• Problem to solve
Exactly the line with "Thumbnail: 2019 Jeep Cherokee - 4" and the lines that follow it, through the closing line of the entries, should be restated, with nothing left out or added.

===== Exercise input =====

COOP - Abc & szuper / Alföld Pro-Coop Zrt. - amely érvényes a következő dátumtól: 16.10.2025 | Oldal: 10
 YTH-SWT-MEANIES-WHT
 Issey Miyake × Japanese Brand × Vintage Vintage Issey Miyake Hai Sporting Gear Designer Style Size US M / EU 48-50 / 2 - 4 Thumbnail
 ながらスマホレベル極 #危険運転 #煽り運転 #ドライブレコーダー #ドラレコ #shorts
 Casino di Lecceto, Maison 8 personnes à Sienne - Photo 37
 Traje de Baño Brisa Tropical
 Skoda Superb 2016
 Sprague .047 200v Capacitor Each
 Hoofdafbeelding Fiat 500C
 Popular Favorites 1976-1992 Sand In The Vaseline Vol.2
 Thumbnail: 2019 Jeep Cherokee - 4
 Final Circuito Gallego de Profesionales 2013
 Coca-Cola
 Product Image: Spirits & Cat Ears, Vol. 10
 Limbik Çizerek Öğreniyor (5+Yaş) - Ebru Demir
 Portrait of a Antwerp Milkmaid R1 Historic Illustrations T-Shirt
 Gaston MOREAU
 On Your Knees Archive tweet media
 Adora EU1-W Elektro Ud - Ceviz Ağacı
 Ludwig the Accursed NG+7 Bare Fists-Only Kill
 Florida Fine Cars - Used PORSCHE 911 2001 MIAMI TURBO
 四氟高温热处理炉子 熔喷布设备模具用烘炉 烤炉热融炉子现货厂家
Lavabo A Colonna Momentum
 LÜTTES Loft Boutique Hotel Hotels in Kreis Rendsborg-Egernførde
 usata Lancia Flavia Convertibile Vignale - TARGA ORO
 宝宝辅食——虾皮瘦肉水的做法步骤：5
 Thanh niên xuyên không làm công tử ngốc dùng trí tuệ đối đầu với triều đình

=====

• Final answer
 Thumbnail: 2019 Jeep Cherokee - 4
 Final Circuito Gallego de Profesionales 2013
 Coca-Cola
 Product Image: Spirits & Cat Ears, Vol. 10
 Limbik Çizerek Öğreniyor (5+Yaş) - Ebru Demir
 Portrait of a Antwerp Milkmaid R1 Historic Illustrations T-Shirt
 Gaston MOREAU
 On Your Knees Archive tweet media
 Adora EU1-W Elektro Ud - Ceviz Ağacı
 Ludwig the Accursed NG+7 Bare Fists-Only Kill
 Florida Fine Cars - Used PORSCHE 911 2001 MIAMI TURBO
 四氟高温热处理炉子 熔喷布设备模具用烘炉 烤炉热融炉子现货厂家
Lavabo A Colonna Momentum
 LÜTTES Loft Boutique Hotel Hotels in Kreis Rendsborg-Egernførde
 usata Lancia Flavia Convertibile Vignale - TARGA ORO
 宝宝辅食——虾皮瘦肉水的做法步骤：5
 Thanh niên xuyên không làm công tử ngốc dùng trí tuệ đối đầu với triều đình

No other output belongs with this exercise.